NOTES AND PARAPHRASES

Judgment: It is a great accomplishment when Inner Truthalters archetypal forces within the psyche. The ego’s devotion to the Work is the means to this end.

The Superior Man carefully differentiates his options and avoids drastic measures. (Can sometimes mean: "Don't act until you are sure of all the facts.")

Anyone who monitors his dreams and other images knows that the unconscious is a continuous wellspring of psychic energy. Jung has observed that we are probably dreaming all of the time -- the only reason we don't usually notice this is because the conscious mind is so powerful that the more subtle manifestations of the psyche are eclipsed. Since consciousness consists of only the upper layers of a deep continuum of awareness it is obvious that we are being continuously "created from within." The ultimate source of our being is not easily accessible, but all of the empirical evidence points to a "Self" which transcends the space-time continuum -- i.e., lives in another "dimension."

The capacity to nullify space and time must somehow inhere in the psyche, or, to put it another way, the psyche does not exist wholly in time and space. It is very probable that only what we call consciousness is contained in space and time, and that the rest of the psyche, the unconscious, exists in a state of relative spacelessness and timelessness.
Jung --Letters

This seemingly exotic concept was written by Jung in 1939, yet today the theories of the quantum physicists are approaching the point where awareness itself will be recognized as space-time transcendent.

In the modern Kaluza-Klein theory all the forces of nature, not merely gravity, are treated as manifestations of spacetime structure. What we normally call gravity is a warp in the four spacetime dimensions of our perceptions, while the other forces are reduced to higher-dimensional spacewarps. All the forces of nature are revealed as nothing more than hidden geometry at work ... There is a deep compulsion to believe in the idea that the entire universe, including all the apparently concrete matter that assails our senses, is in reality only a frolic of convoluted nothingness, that in the end the world will turn out to be a sculpture of pure emptiness, a self-organized void.
Paul Davies -- Superforce

The physicists now hypothesize an eleven-dimensional universe, and state that the seven "extra" dimensions are somehow "rolled up to a very small size" so that they are not apparent to our senses. If we are going to hypothesize such fantastic realms it is more elegant to hypothesize consciousness itself as emanating from an extra-dimensional source. This is the Pleroma of the Gnostics and Alchemists, the upper and lower worlds of shamanism, or in Jungian parlance: the Objective Psyche or Collective Unconscious.

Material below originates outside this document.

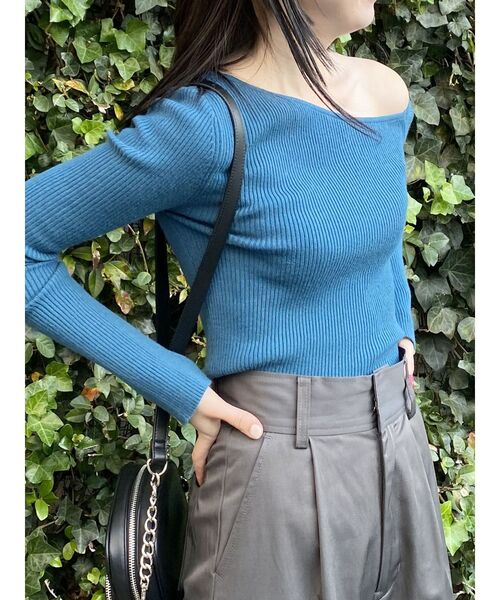 MURUA（ムルーア）の「スリットスリーブワンショルニット（ニット/セーター・レディース・オレンジ/ブルー/ブラック/ベージュ/アイボリー・FREE）」の17枚目の写真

The familiar spacetime of our conscious experience consists of three linear dimensions, plus time. Time is considered a dimension, but not like the other three -- one can go up, down, forward and backward, to the left or right at will, but one cannot go back to this morning or forward to next Thursday afternoon. The time dimension is a continuous "now" and we experience it and the other three dimensions from the reference point of consciousness -- we are the center from which all dimensions radiate. Consciousness is like time in that it is always "now," and since consciousness emerges from within in a continuous and autonomous flow, we can legitimately hypothesize that we emanate from a power source in another dimension. We are a kind of continuous explosion from within -- a microcosmic version of the "Big Bang" which originated the universe, and which, incidentally, is still exploding-expanding outward into space.

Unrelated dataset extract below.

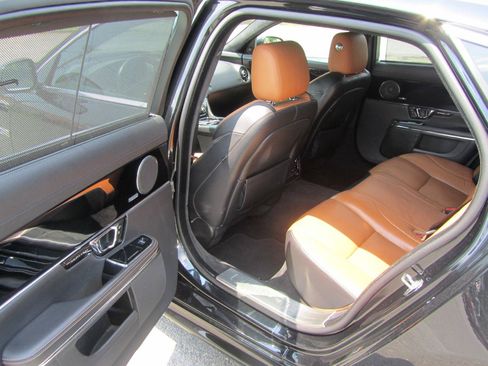 Used 2014 Jaguar XJ R LWB RWD image 20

If everything that is recognizable is so only because it has separated itself from the "all and nothingness," leaving its complementary half behind in the unmanifested state, then the earth too must have its complementary half in the unmanifested state, and the force of gravitation it exerts on all the creatures and objects living on it is the striving for reunification between the earth and its unmanifested complementary half which has been left behind in the void as its negative reflection. The earth's gravitational pull thus draws all the earth towards the void which stands beyond time and space, in order to bring about this reunion. If the earth were to yield, all the earth and everything on it would disappear into the center, into the void. But that would be a return to the paradisiacal unity -- to God -- to bliss!
Elisabeth Haich -- Initiation

The image of the hexagramInner Truth gives us the idea of an "empty" center -- as good an image as could be devised from the structural components of the trigrams to show the inner source of human consciousness. The pigs and fishes of the Judgment are the archetypal complexes which must be tamed through the process of the Work, and to "cross the great stream" with firm correctness is to accomplish this holy task.

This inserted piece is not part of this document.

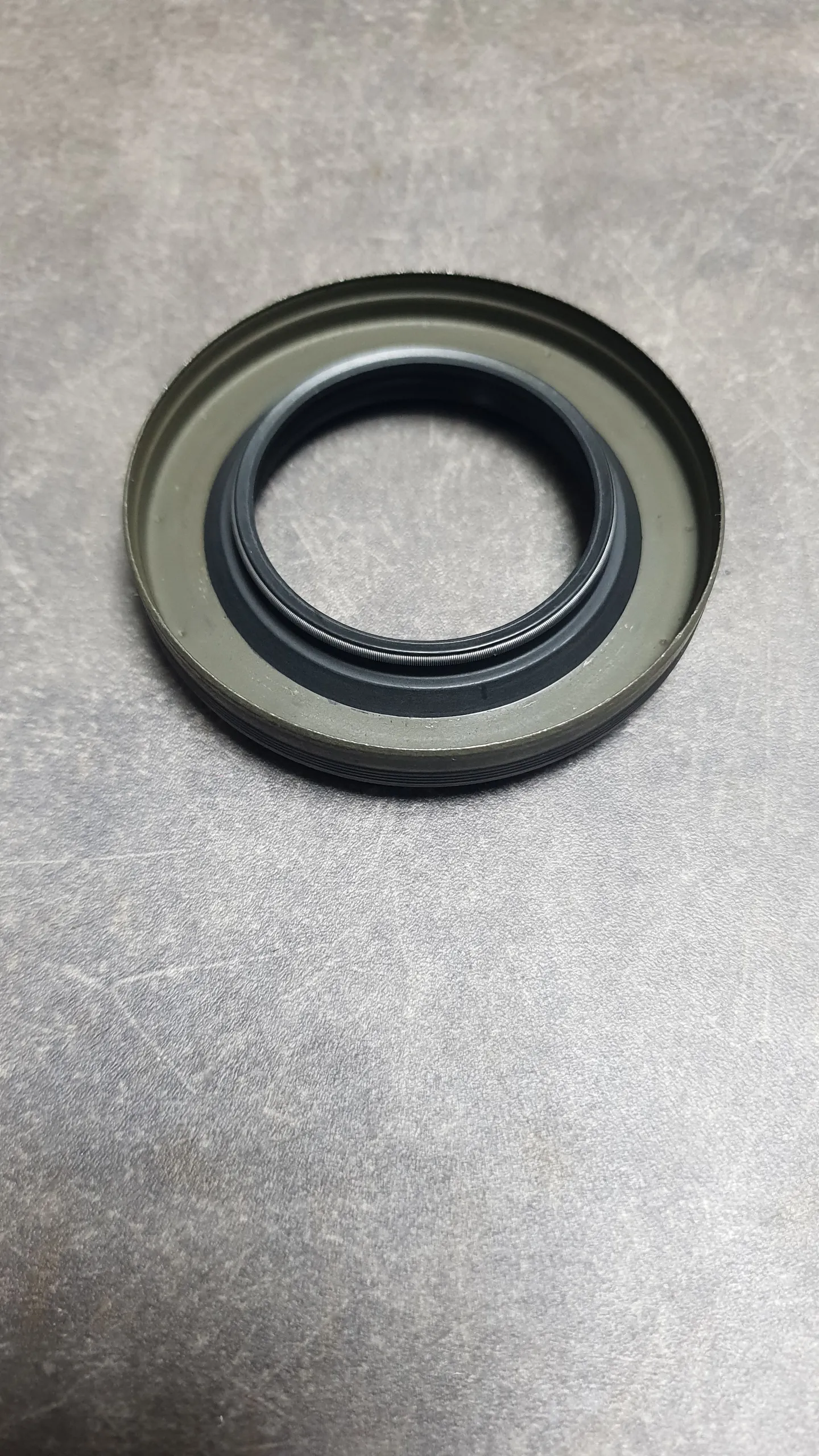 Сальник хвостовика заднего редуктора (75*45*10)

Through all ages men have sought, and some have found; there is a door through which we can pass out on to the higher planes, but that door is within the soul, it is an enlargement of consciousness whereby we perceive these things to which we have hitherto been blind, and from such perception comes the sense of reality which is lacking while we perceive nothing but appearances. Whoso has this wider vision is freed from the limitations of the five physical senses; his memory extends back beyond birth, and his hopes go forward beyond death ... Having all aspects of his own nature harmoniously developed, he is at one with all aspects of the universe, nothing is alien to him, and no form of existence is hostile. The path of life is open before him and he treads it with joy.
D. Fortune -- The Esoteric Philosophy of Love and Marriage


Line 1

Legge: The first line, dynamic, shows its subject resting in himself. There will be good fortune. If he sought to any other, he would not find rest.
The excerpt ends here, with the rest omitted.